**WORK REQUIRED**
Only the lines from the one holding "Used 2017 Jeep Patriot Latitude image 19" through the end of the material are to be repeated, exactly and without pictures.

__________

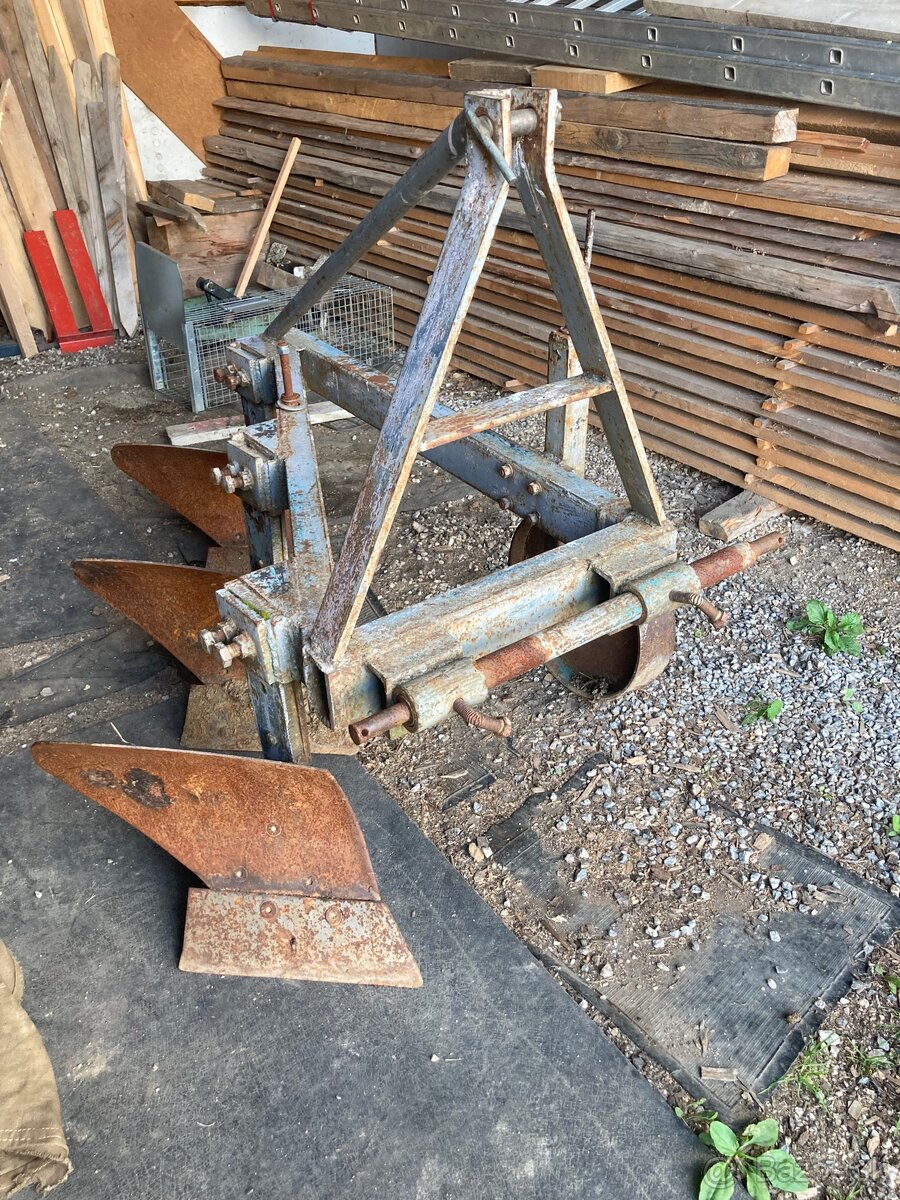 Predám menší pluh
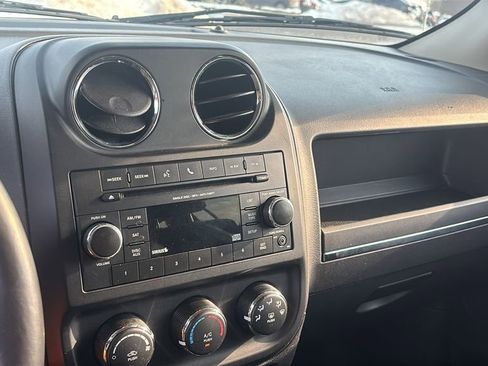 Used 2017 Jeep Patriot Latitude image 19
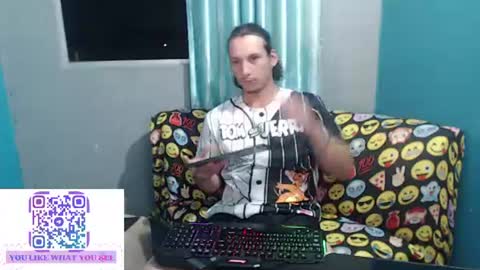 Snapshot of mrkingsaintx chatting on 06/29/26, 01:12 DEIVI online show from 06/29/26, 01:12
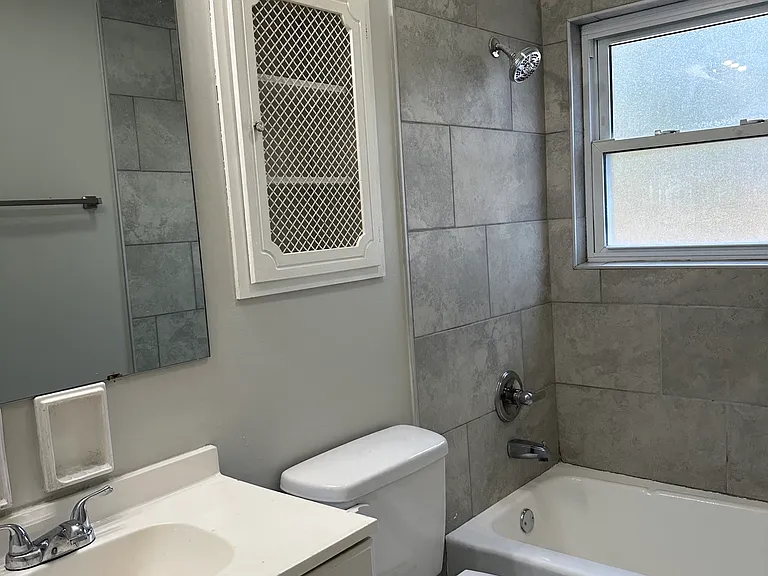 9961 Catalina Dr — Photo 6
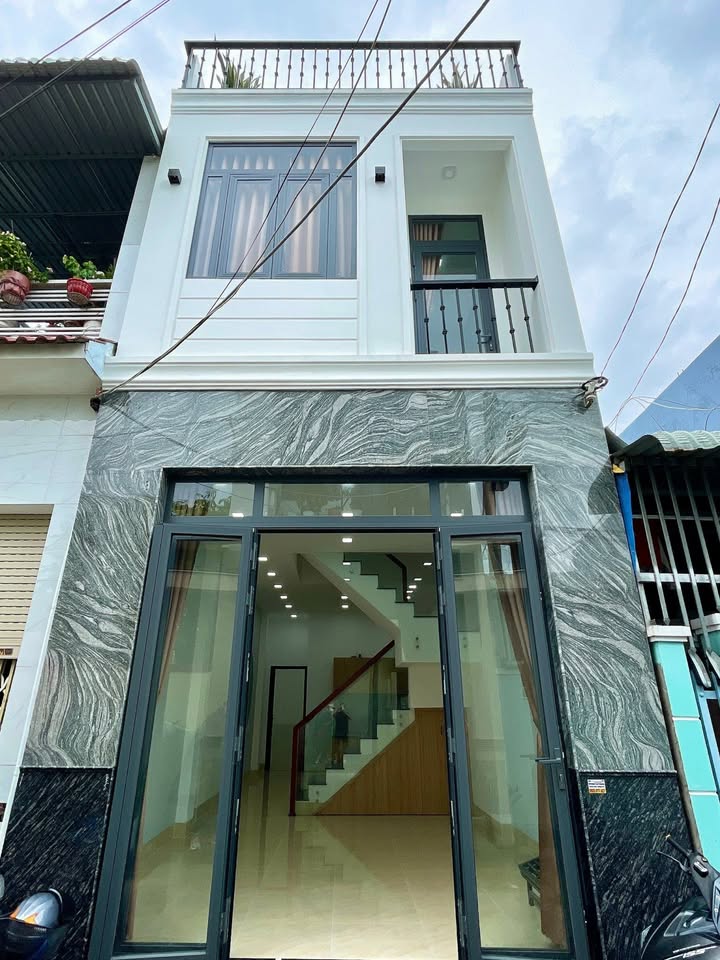 Nhà 2 Lầu Hẻm 127/8N, Cần Thơ 144m² giá 3 tỷ - Móng cọc khoan nhồi chất lượng!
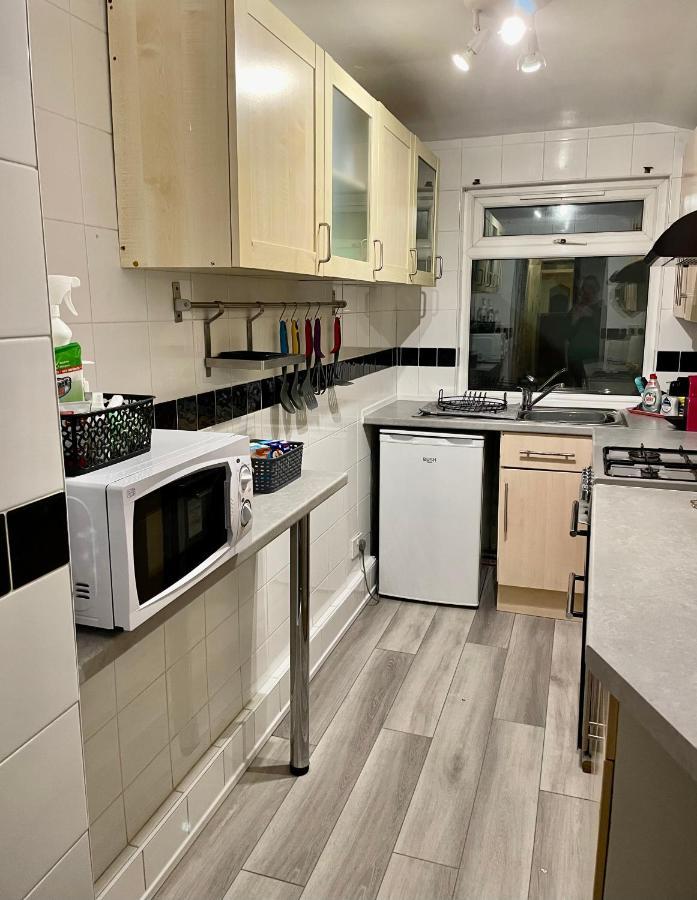 Entire Holiday Home In Blackpool With Free Parking And A Private Patio Garden ภายนอก รูปภาพ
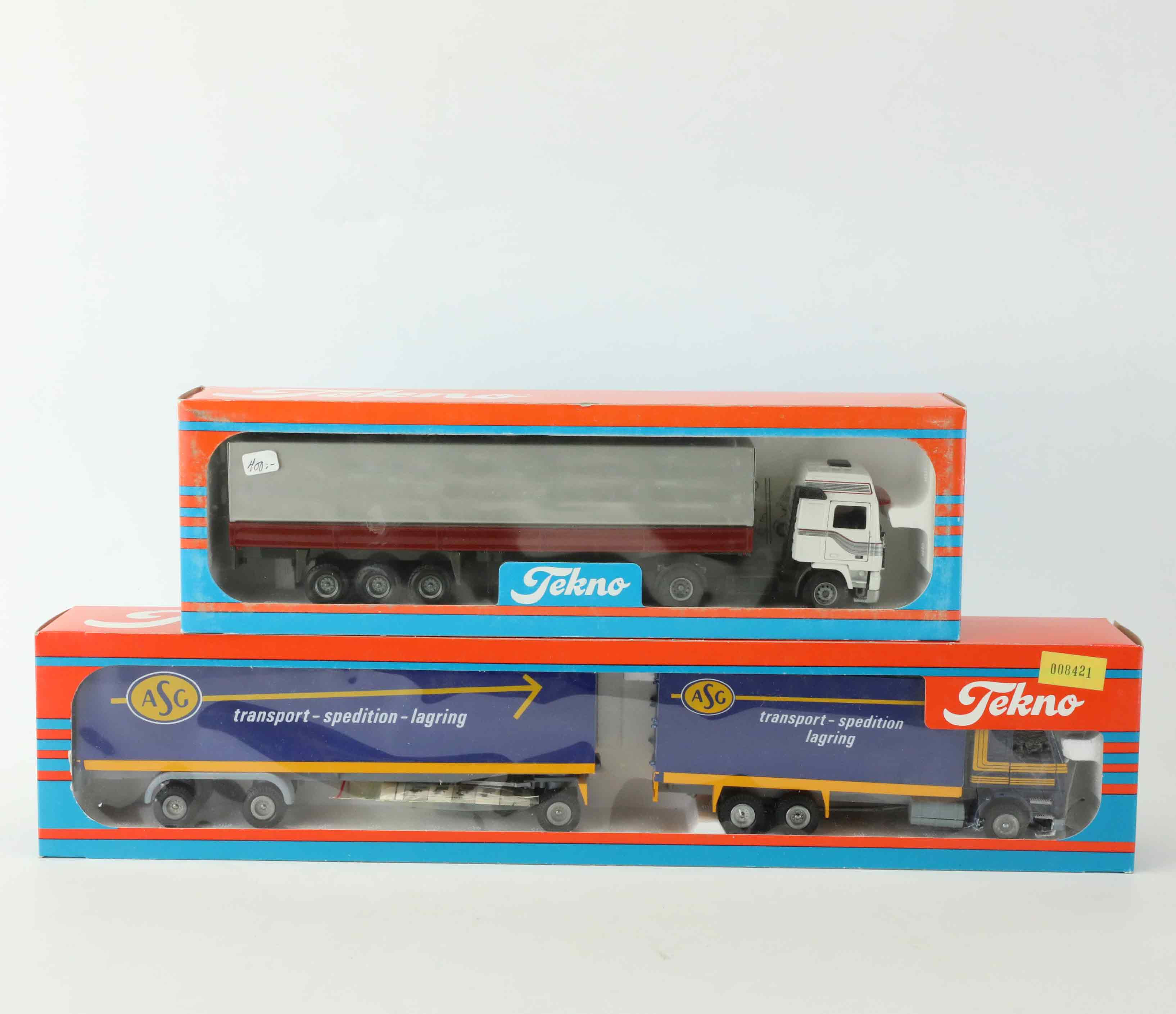 TEKNO. 2 st långtradare, ASG, Volvo Globetrotter, 1980-tal.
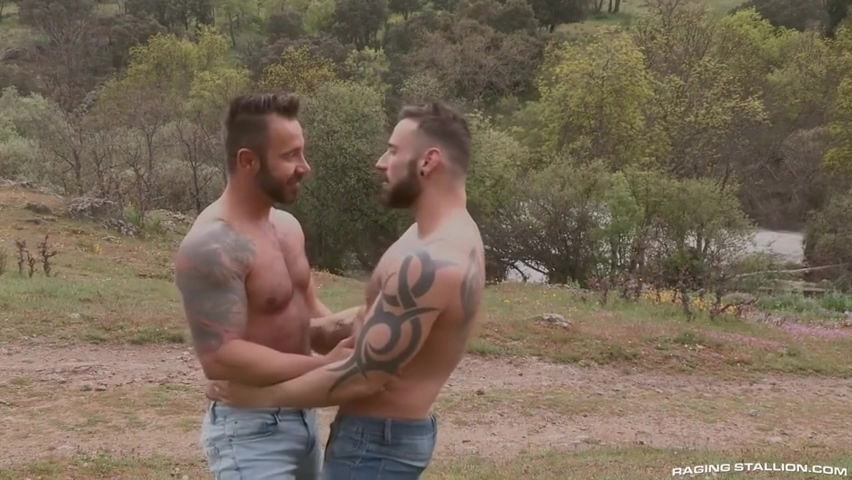 Hung Country With Emir Boscatto, Hector De Silva And Abraham Al Malek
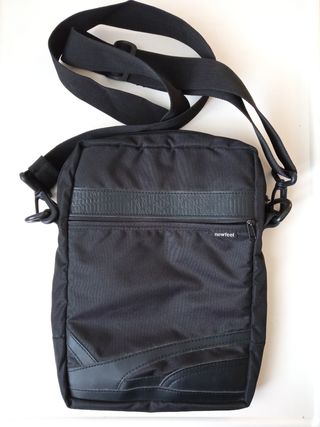 Bolsa Bandolera Newfeel (unisex) de segunda mano por 10 EUR en Madrid en  WALLAPOP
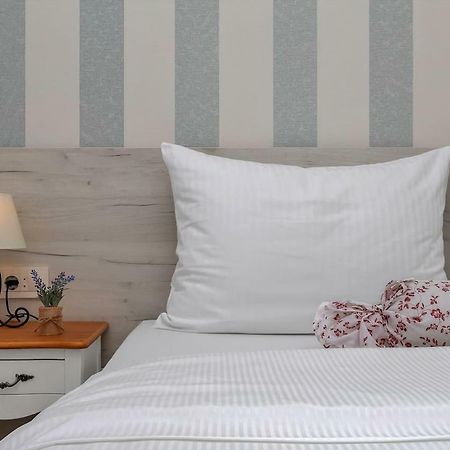 Charming Apartment Tissa With Sea View Макарська Екстер'єр фото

__________

**SOLUTION TO THIS TASK**
 Used 2017 Jeep Patriot Latitude image 19
 Snapshot of mrkingsaintx chatting on 06/29/26, 01:12 DEIVI online show from 06/29/26, 01:12
 9961 Catalina Dr — Photo 6
 Nhà 2 Lầu Hẻm 127/8N, Cần Thơ 144m² giá 3 tỷ - Móng cọc khoan nhồi chất lượng!
 Entire Holiday Home In Blackpool With Free Parking And A Private Patio Garden ภายนอก รูปภาพ
 TEKNO. 2 st långtradare, ASG, Volvo Globetrotter, 1980-tal.
 Hung Country With Emir Boscatto, Hector De Silva And Abraham Al Malek
 Bolsa Bandolera Newfeel (unisex) de segunda mano por 10 EUR en Madrid en  WALLAPOP
 Charming Apartment Tissa With Sea View Макарська Екстер'єр фото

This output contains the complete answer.